The path to the northern ridge was narrow and steep, cutting through dense pines. Fog licked at our ankles. The patrol wolf led, Varik and Lyris flanking him, Riven beside me, Talren just behind.
As we climbed, the scents grew stronger. Fear. Confusion. One thread of brittle, brittle hope.
The trees opened at the top of the ridge.
Below, in the shallow bowl of an old dried riverbed, a cluster of wolves huddled.
Some half‑shifted, some in human form with ragged clothes and haunted eyes. A few snarled when they saw us, teeth bared in a show of bravery that didn’t reach their shaking shoulders. Others shrank back, pressing into each other.
And at the center, standing a little apart, was a girl.
Maybe fourteen. Thin as a sapling, hair hacked off unevenly at her shoulders, chin lifted like she was daring the world to hit her first.
Her eyes found me.
My breath left my lungs in a rush.
Because the thread I’d felt the night of the empty cage—the one lost child whose call had echoed through my bones—snapped taut between us like a wire.
It was her.
The one I hadn’t reached in time.
“Luna,” she whispered, voice hoarse, as if she’d been screaming for years.
The wolves around her flinched at the word.
My heart slammed against my ribs.
Riven stepped forward, measuring the distance, body language saying we’re not here to attack even as every line of him stayed ready.
“Ironveil territory,” he called down, voice carrying easily. “You’re trespassing.”
A growl rippled through the group.
The girl didn’t move her gaze from my face.
“You said you’d come,” she said, louder now.
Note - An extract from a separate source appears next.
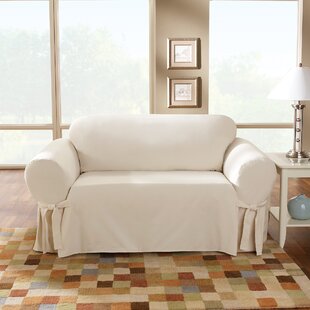 SURE FIT Cotton Duck Cotton Box Cushion Loveseat Slipcover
There was no accusation in it. Just a bleak, exhausted statement of fact. “You were late.”
Shame punched through me so hard I swayed.
Talren’s hand brushed my elbow, a silent anchor.
“I’m here now,” I said, stepping up to the edge of the ravine, my voice steadying even as my insides roiled. “And so is Ironveil. You made it farther than they ever wanted you to.”
Wind tugged at my hair, carrying the tangled scents up around us.
Behind me, I could feel Ironveil holding its breath.
Below, a pack of broken, battered wolves waited to see if we were another cage—or the first real home they’d ever been offered.